Building approvals continue to fall as rates rise - HIA
BUILDING approvals in April 2023 remained at their lowest level in over a decade, with declines continuing for both houses and multi-units, according to Housing Industry Association (HIA) senior economist Tom Devitt.
The Australian Bureau of Statistics today released its monthly building approvals data for April for detached houses and multi-units covering all states and territories.
“Detached house approvals declined by 3.6 percent in the month of April and multi-units fell by 16.9 percent,” Mr Devitt said.
“On a quarterly basis, this leaves detached house approvals 15.4 percent lower than the same time the previous year, and multi-units down by 38.9 per cent.
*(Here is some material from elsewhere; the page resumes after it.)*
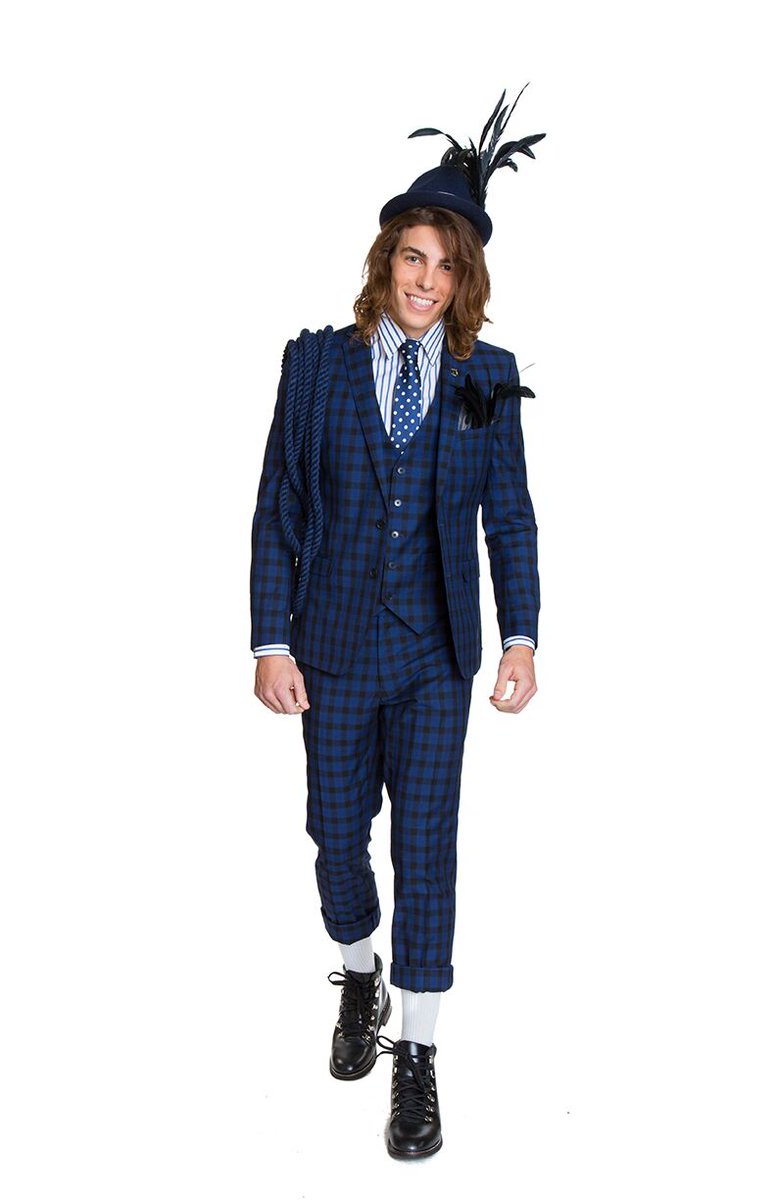 thedistrictapp tweet media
“This continues the long-lagged response of Australian homebuyers to the RBA’s interest rate hiking cycle, with further declines expected in the coming months," he said.
“The combination of construction cost blowouts, labour uncertainties, increased compliance costs and taxes on investors has seen approvals for multi-units fall.
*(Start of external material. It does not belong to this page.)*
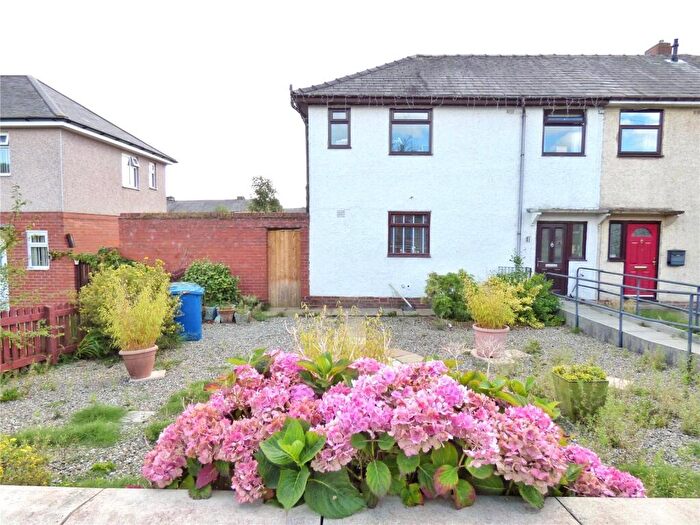 3 Bedroom Semi-Detached House To Rent In Broadway, Helmshore, Rossendale, BB4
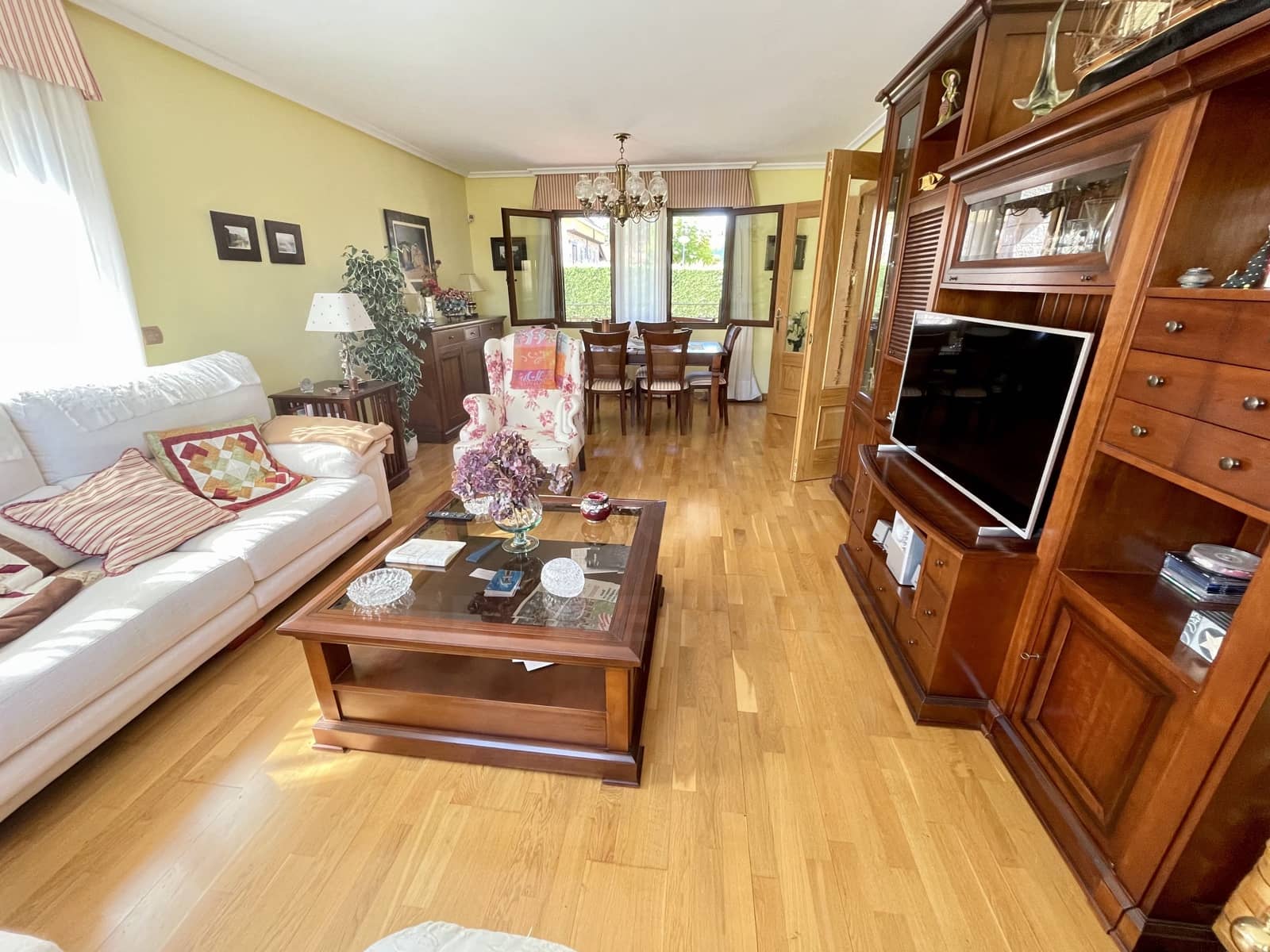 4 camera da letto Villa in vendita in Leon citta con garage - 320.000 € (Rif: 9991332)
“These disappointing approvals numbers are occurring as population growth surges with the return of overseas migrants, students and tourists.
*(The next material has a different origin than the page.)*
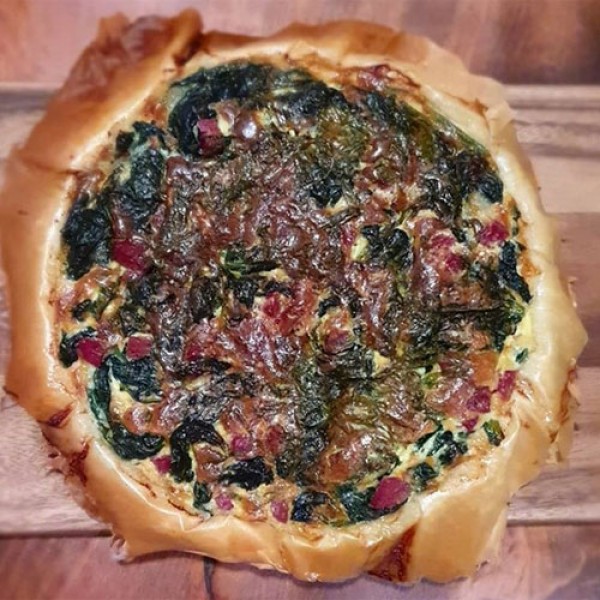 Quiche made with salame cacciatore dop, spinach and shiso<br> 私の キッシュ なかにはサラミカッチアトーレ しそ ほうれん草が 入っています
“This imbalance will see the affordability and rental crisis deteriorate further,” Mr Devitt said.
Total building approvals were down across all the jurisdictions in the three months to April 2023 compared to the same period last year. In seasonally adjusted terms, decreases were led by Victoria (-35.3 percent), followed by New South Wales (-28.7 percent), Western Australia (-14.6 percent), South Australia (-12.1 percent), Queensland (-4.2 percent), and Tasmania (-2.2 per ent). In original terms, the Australian Capital Territory and the Northern Territory saw declines of 49.8 percent and 27.3 percent respectively.